When he was a freshman on the Spain Park golf team, he was the No. 5 golfer on a prolific Jaguar golf team, an impressive feat in its own right as a freshman, but head coach Brian Carter knew Martin would have to earn his stripes on the prolific Jaguar team.
“He basically has gradually moved his way up,” Carter said in a May 19 phone interview. “He was our number five as a freshman. We’ve had some really good golfers in front of him. He’s just progressively gotten better every year.”
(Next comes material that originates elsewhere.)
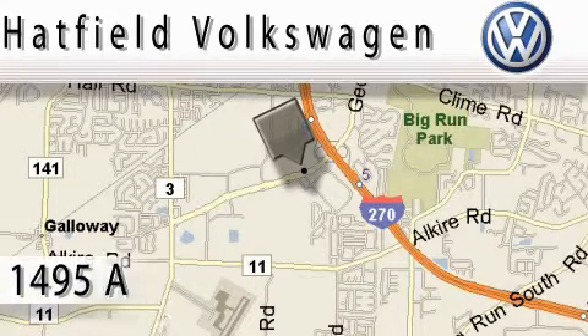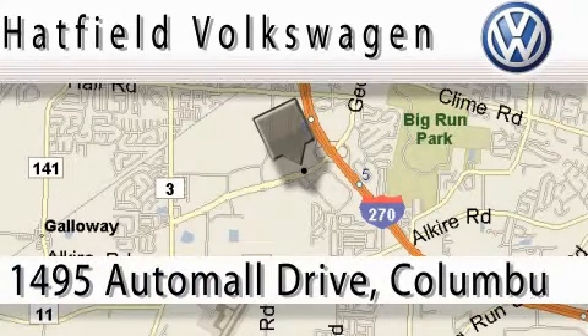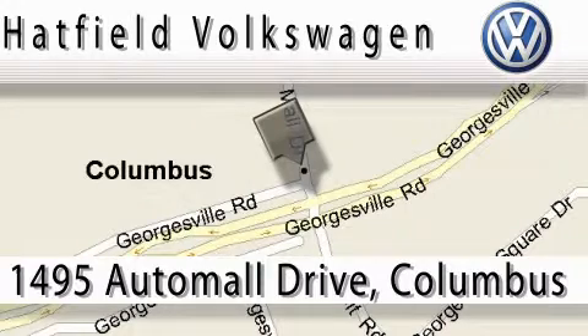Hatfield Volkswagen is located at 1495 Auto Mall Drive in Columbus. Our main objective is to make your experience at our dealership a satisfying one, whether it's for sales, service, or parts.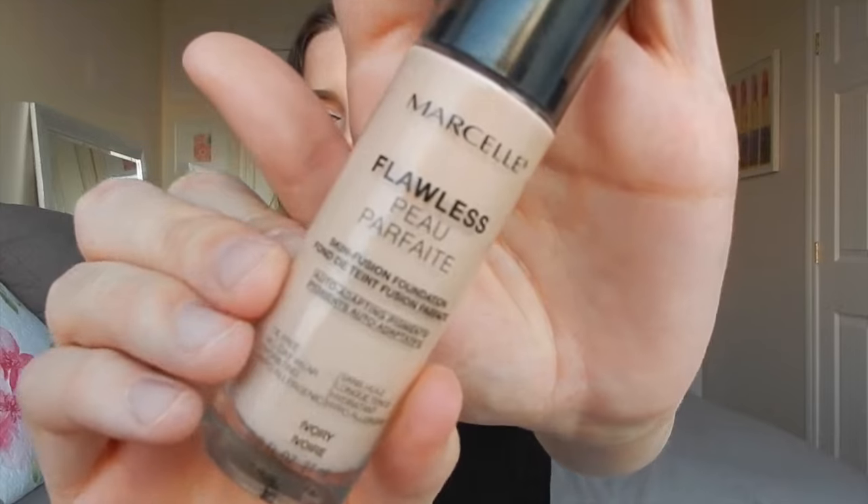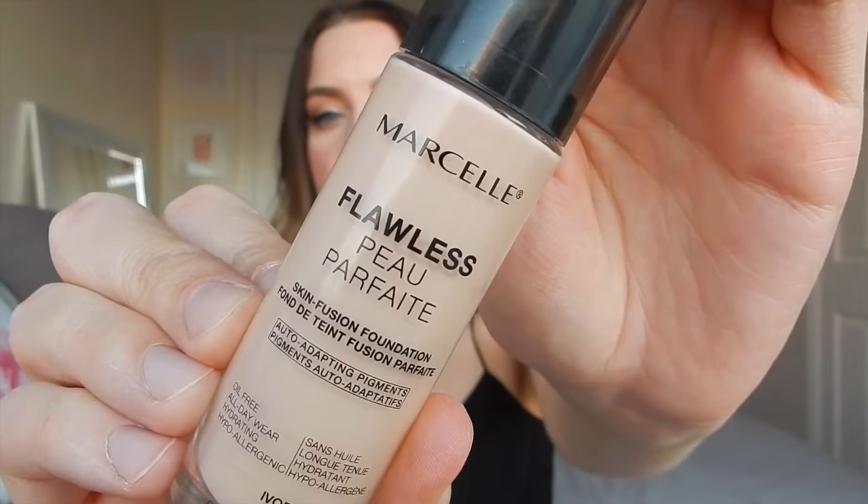I have two foundations to talk about this month. The first one is made by Marcel — I think it's just called the Flawless Skin Fusion Foundation. I'm in the shade Ivory. It's oil-free, all-day wear, hydrating, and hypoallergenic — I've had no problems with any sort of reaction. The shade match was really good for me, though now I feel like it's getting a little bit too light, which is making me panic a little bit.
Martin, a senior, had his high school golfing career end in the most satisfying of ways. On May 12, Martin sank six birdies and 12 pars to finish his second round of the state tournament with a 6-under par 65. Per AHSAA.com, Martin’s 65 is tied for the second-lowest state tournament round in the history of the Alabama state golf tournament, just one stroke behind William Sellers of Montgomery Academy, who shot a 64 in 2012. Martin finished the two-day, 36-hole tournament with a 133, seven strokes better than second place.
As intelligent off the course as he is on it, Martin, who finished high school with a 3.99 GPA, will attend Vanderbilt in the fall on a golf scholarship. He has known Vanderbilt’s golf coach, Scott Limbaugh, for a number of years and has been committed to Vanderbilt since December of his junior year.
Like most young, talented golfers, Martin hopes to one day turn professional.
“That’s what I would like to do,” Martin said. “Time will tell.”